Key Laboratory of Pollution Processes and Environmental Criteria, Ministry of Education, Tianjin Key Laboratory of Environmental Remediation and Pollution Control, College of Environmental Science and Engineering, Nankai University, Tianjin 300071, China.
Department of Analytical Chemistry, The Connecticut Agricultural Experiment Station, New Haven, CT 06504, United States.
Sci Total Environ. 2019 Feb 15;651(Pt 1):1154-1165. doi: 10.1016/j.scitotenv.2018.09.229. Epub 2018 Sep 19.
The accumulation and metabolism of 2, 2', 4, 4', 5, 5'-hexabrominated diphenyl ether (BDE-153) in Amaranthus mangostanus L. (amaranth) as affected by different concentrations of biochar (1.3 to 26.6 g/L) under hydroponic conditions exposed to 10 μg/L BDE-153 after 10 days were investigated. Biochar significantly reduced BDE-153 shoot and root content by 27.5-61.6% and 73-95.3%, respectively. In general, BDE-153 migration from solution to amaranth decreased with increasing the doses of biochar. BDE-153 metabolites altered with doses of biochar. The ratio of de-BDEs to BDE-153 in root was polynomial correlated to biochar dose (R = 0.9356**). Root and shoot Fe content was positively correlated with the BDE-153 amounts (R = 0.948** and 0.822*, respectively). Though the higher biochar dose could obviously control BDE-153 uptake by the vegetable, the toxicity was caused more significantly. For instances, the high concentration of biochar at 26.6 g/L reduced pigment content, increased total ROS, and elevated antioxidant enzyme activity. At the same time, the O intensity was linearly positively correlated with de-BDEs in root (R = 0.7324*) while photosynthetic parameter F/fm intensity was polynomial correlated to BDEs in shoot (R = 0.9366*). Transmission electron microscopy (TEM) confirmed that exposure to BDE-153 and high concentration biochar at 26.6 g/L severely altered the chloroplasts in terms of the organelle shape and the presence of starch granules in the chloroplast. Taken together, biochar as a soil amendment could significantly control BDE-153 uptake and enhance BDE-153 metabolism in vegetables, but considering the dose of biochar to avoid its toxicity with higher dose.

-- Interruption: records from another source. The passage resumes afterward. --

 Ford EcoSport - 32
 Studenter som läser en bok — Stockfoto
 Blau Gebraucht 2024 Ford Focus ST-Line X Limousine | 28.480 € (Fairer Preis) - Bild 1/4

在水培条件下,研究了不同浓度生物炭(1.3 至 26.6 g/L)对受 10μg/L BDE-153 暴露 10 天后满江红(苋菜)中 2,2',4,4',5,5'-六溴二苯醚(BDE-153)积累和代谢的影响。生物炭可使 BDE-153 的地上部和根部含量分别降低 27.5-61.6%和 73-95.3%。通常,随着生物炭剂量的增加,BDE-153 从溶液向苋菜的迁移减少。BDE-153 代谢物随生物炭剂量而变化。根中脱溴 BDEs 与 BDE-153 的比值与生物炭剂量呈多项式相关(R = 0.9356**)。根和地上部铁含量与 BDE-153 含量呈正相关(R = 0.948和 0.822)。尽管较高的生物炭剂量可以明显控制蔬菜对 BDE-153 的吸收,但毒性更为明显。例如,26.6 g/L 高浓度生物炭会降低色素含量,增加总 ROS,并提高抗氧化酶活性。同时,O 强度与根中脱溴 BDEs 呈线性正相关(R = 0.7324),而光合参数 F/fm 强度与地上部 BDEs 呈多项式相关(R = 0.9366*)。透射电子显微镜(TEM)证实,暴露于 BDE-153 和 26.6 g/L 高浓度生物炭会严重改变叶绿体的形状和叶绿体中淀粉颗粒的存在。总之,生物炭作为土壤改良剂可以显著控制 BDE-153 的吸收并增强蔬菜中 BDE-153 的代谢,但需考虑生物炭的剂量,以避免高剂量带来的毒性。